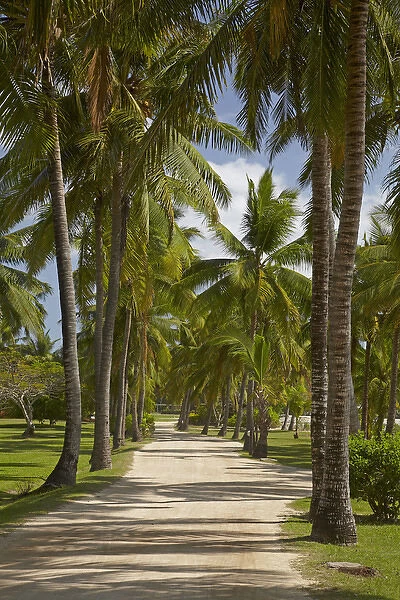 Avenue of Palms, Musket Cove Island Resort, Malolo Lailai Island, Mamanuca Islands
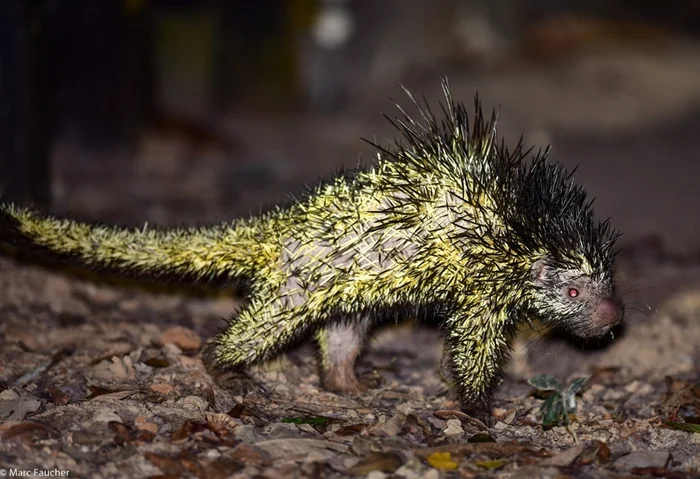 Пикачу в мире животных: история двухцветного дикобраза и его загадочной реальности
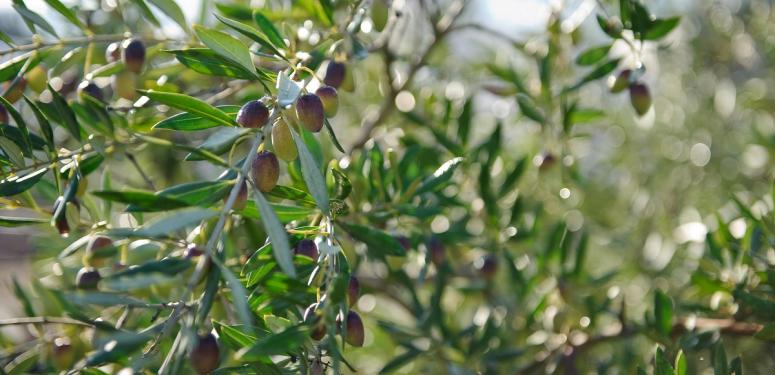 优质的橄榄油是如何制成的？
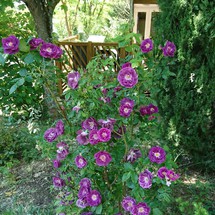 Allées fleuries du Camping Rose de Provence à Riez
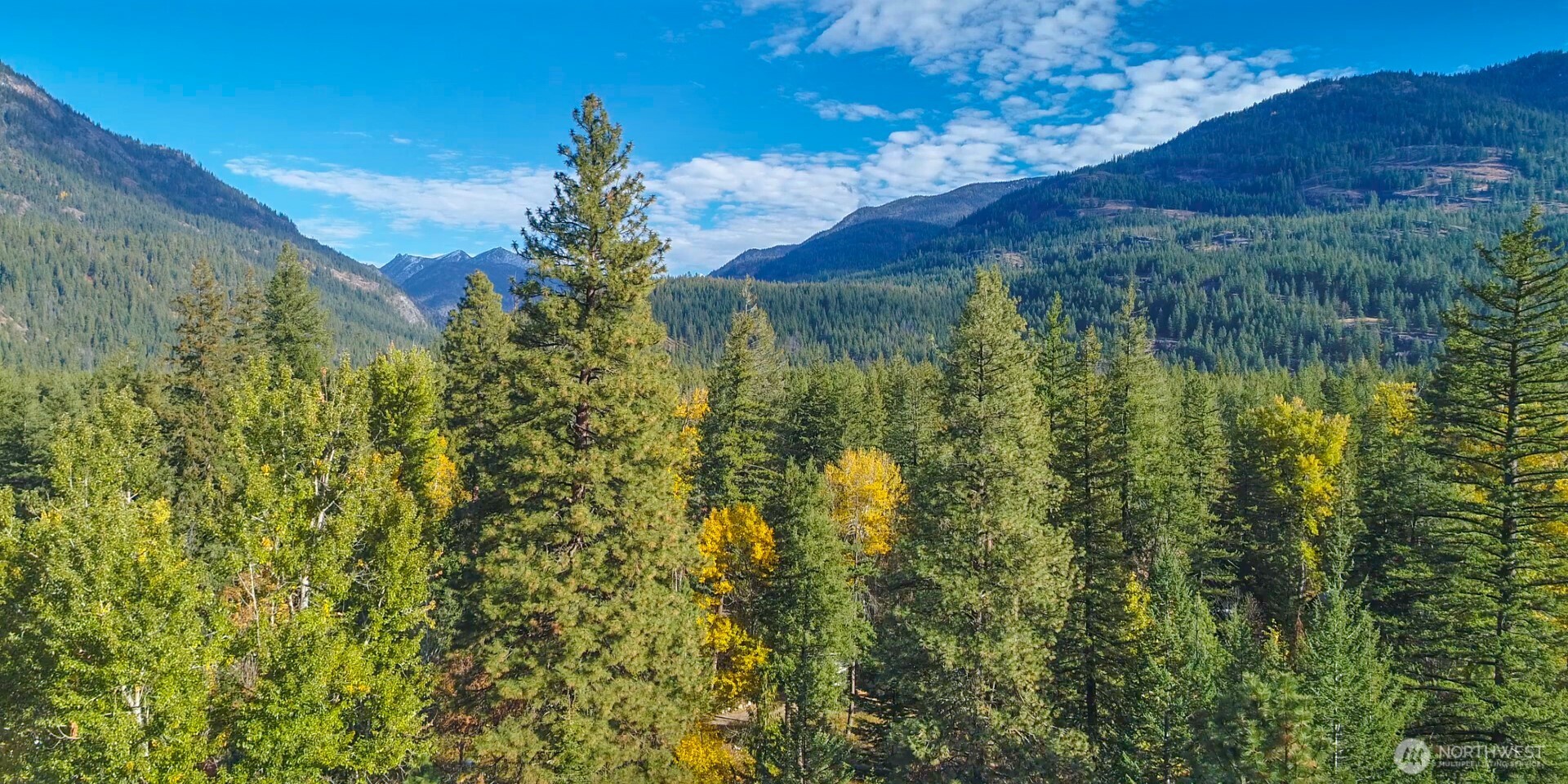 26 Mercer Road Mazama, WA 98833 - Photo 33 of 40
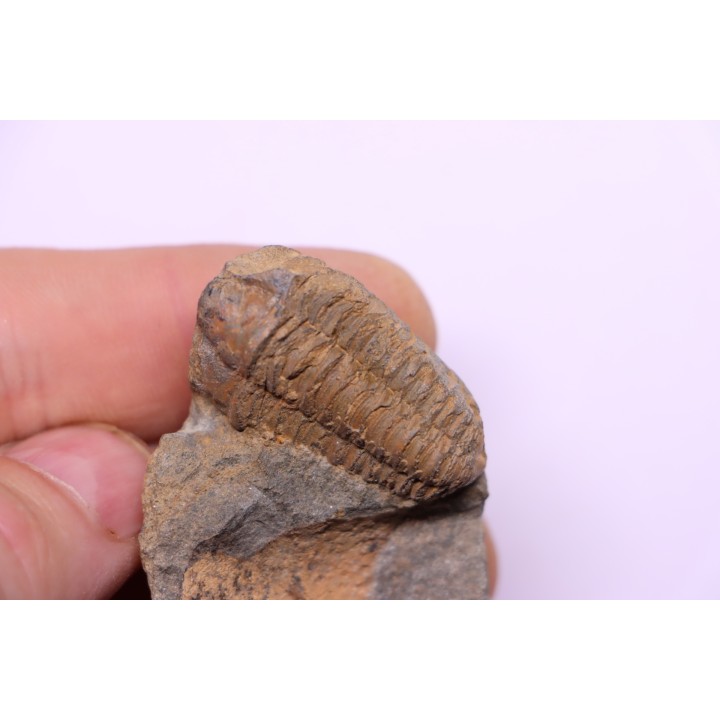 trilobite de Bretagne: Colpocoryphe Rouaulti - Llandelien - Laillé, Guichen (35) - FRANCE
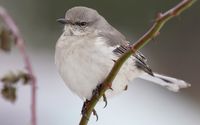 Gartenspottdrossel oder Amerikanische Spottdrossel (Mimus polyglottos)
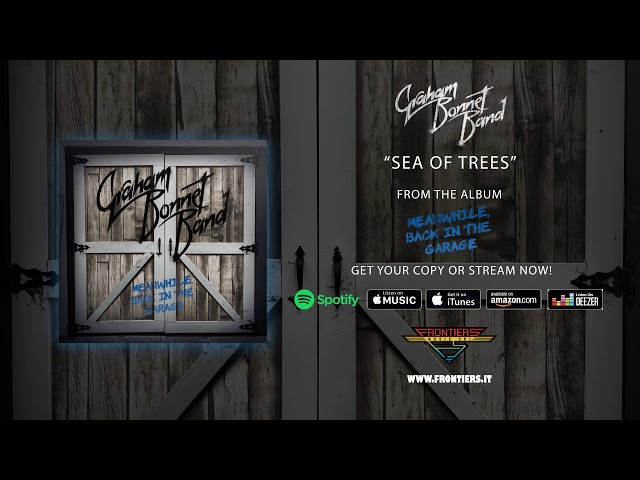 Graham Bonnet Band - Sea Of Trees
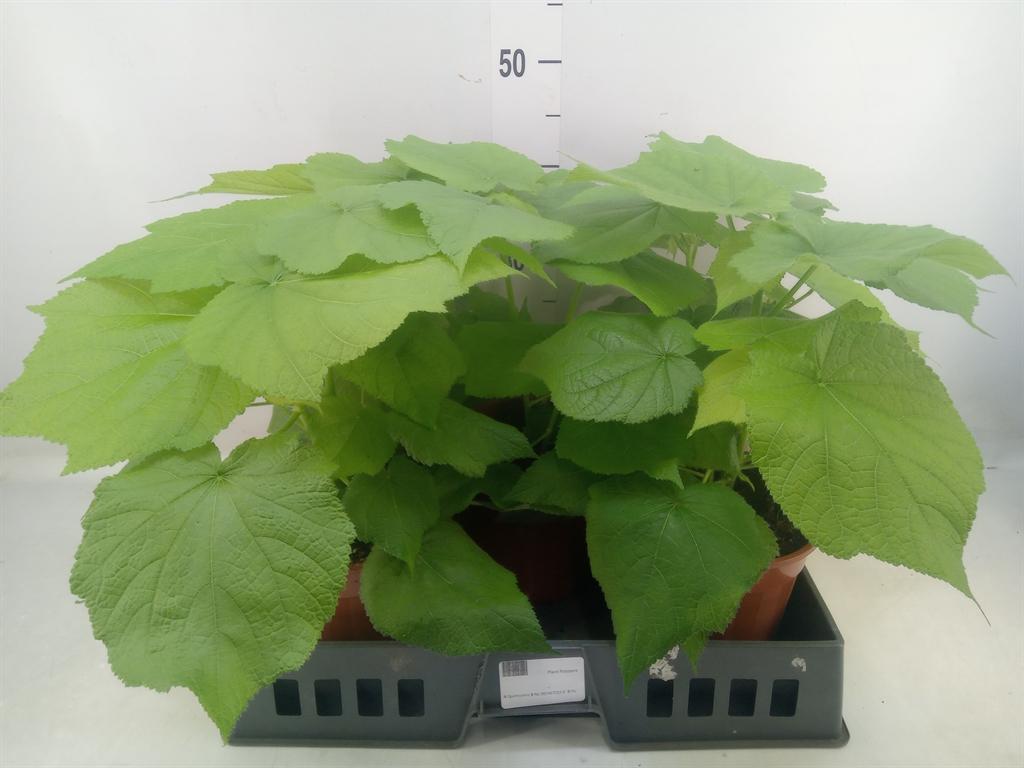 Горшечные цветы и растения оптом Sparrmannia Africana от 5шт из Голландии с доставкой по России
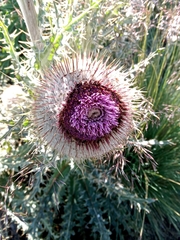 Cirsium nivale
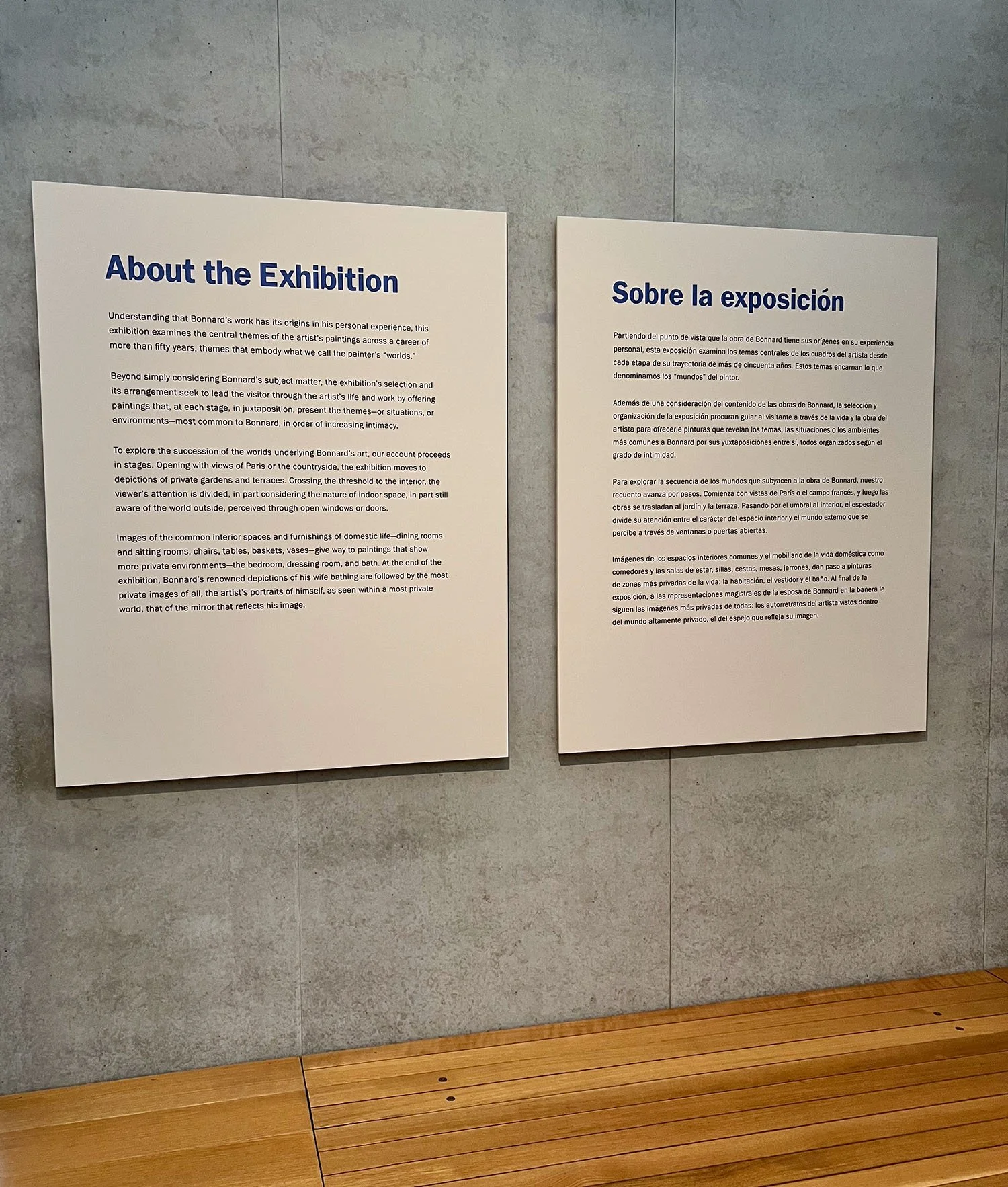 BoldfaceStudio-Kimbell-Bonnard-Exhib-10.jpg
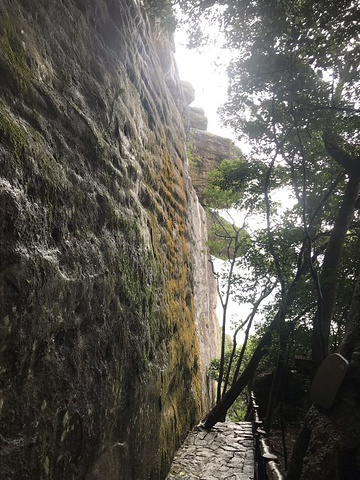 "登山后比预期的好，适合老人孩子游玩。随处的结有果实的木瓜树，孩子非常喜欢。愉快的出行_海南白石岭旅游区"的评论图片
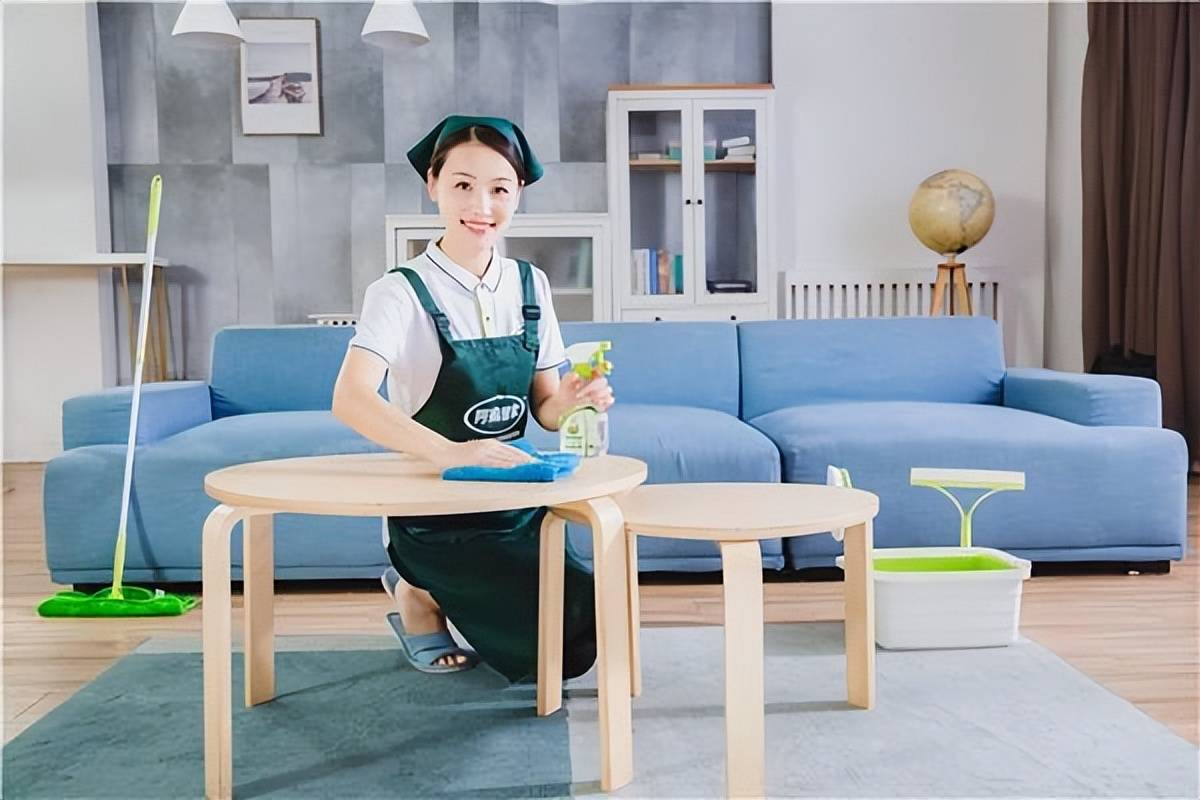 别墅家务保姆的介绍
● ● ● ● ● ● ●
_WORK ORDER_.
The expected answer is the data retyped exactly, without pictures.

_RESPONSE FOR THIS EXERCISE_.
 Avenue of Palms, Musket Cove Island Resort, Malolo Lailai Island, Mamanuca Islands
 Пикачу в мире животных: история двухцветного дикобраза и его загадочной реальности
 优质的橄榄油是如何制成的？
 Allées fleuries du Camping Rose de Provence à Riez
 26 Mercer Road Mazama, WA 98833 - Photo 33 of 40
 trilobite de Bretagne: Colpocoryphe Rouaulti - Llandelien - Laillé, Guichen (35) - FRANCE
 Gartenspottdrossel oder Amerikanische Spottdrossel (Mimus polyglottos)
 Graham Bonnet Band - Sea Of Trees
 Горшечные цветы и растения оптом Sparrmannia Africana от 5шт из Голландии с доставкой по России
 Cirsium nivale
 BoldfaceStudio-Kimbell-Bonnard-Exhib-10.jpg
 "登山后比预期的好，适合老人孩子游玩。随处的结有果实的木瓜树，孩子非常喜欢。愉快的出行_海南白石岭旅游区"的评论图片
 别墅家务保姆的介绍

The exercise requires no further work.